All the way at the back of the 3rd floor, Nagasu-san was sitting cross-legged. Her Samue jacket looked comfortable. On the right side of her laps were several wood carving knives with different shapes of tips. On her left side laid photos of wooden statues. She was working on something, but when I approached her, she stopped her hands and greeted me with a warm smile.
“What are you doing here?”
“I’m carving a small buddha statue.”
“Is it your occupation?”
“Yes, I learned Buddhist sculpture in college, and now I usually teach there. Today I’m here demonstrating how these statues are made.”
This statue that she made for her graduation exhibition won the first prize in 2016. The body of Buddha is made of a single piece of wood (except for what he holds in his hands), the aureole of another piece, and the platform of another.

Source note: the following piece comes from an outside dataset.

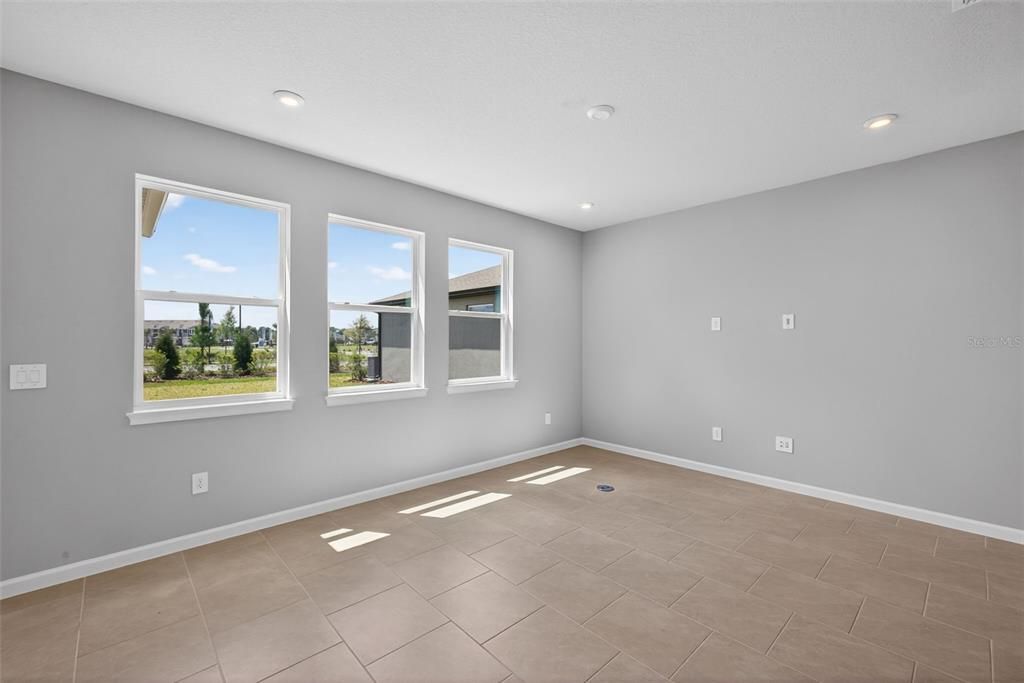 For Sale: $371,120 (3 beds, 2 baths, 1923 Square Feet)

Carving Buddhist statues requires not only skills but also wealth of knowledge of the history. Nagasu-san says one of the fun parts during her college was to study about Japan’s Buddhist art history in details. Her work is not merely a copy of old statues. Based upon her knowledge, her understanding and her interpretation, a new Buddhist sculpture is born.

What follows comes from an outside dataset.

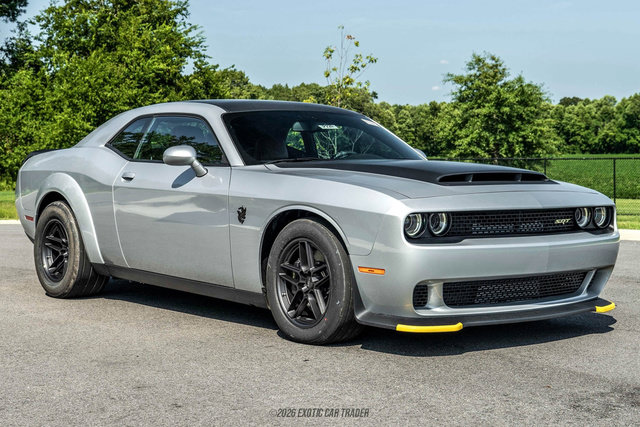 Used 2023 Dodge Challenger SRT Hellcat Redeye RWD image 12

“Thank you so much for your explanation. How do you like working like this?”
“It’s a pleasure to meet new people and answer any question they may have.”
“Are there many visitors?”
“Yes, especially those from abroad. They are much more interested in what I do than Japanese people.”
“Thank you for your time.”
I walked toward the other side of the same floor. There and one floor down below, many different items are in display. I really liked this lamp shade. It is made of bamboo. Even the stand, neatly U-shaped on the top, is made of bamboo. I wished I could take this lamp back home in Seattle. And many more things which were in display. But my suitcase is too full. Maybe next time.
Located in the center of Kyoto City, facing Karasuma-Dori, the name of the building is Gallery of Kyoto Traditional Arts & Crafts. It’s open to public from 10am – 5pm except for Tuesday and Wednesday. This gallery is operated by Nagasu-san’s alma mater, Traditional Arts Super College of Kyoto (TASK), which I was to visit on the following day.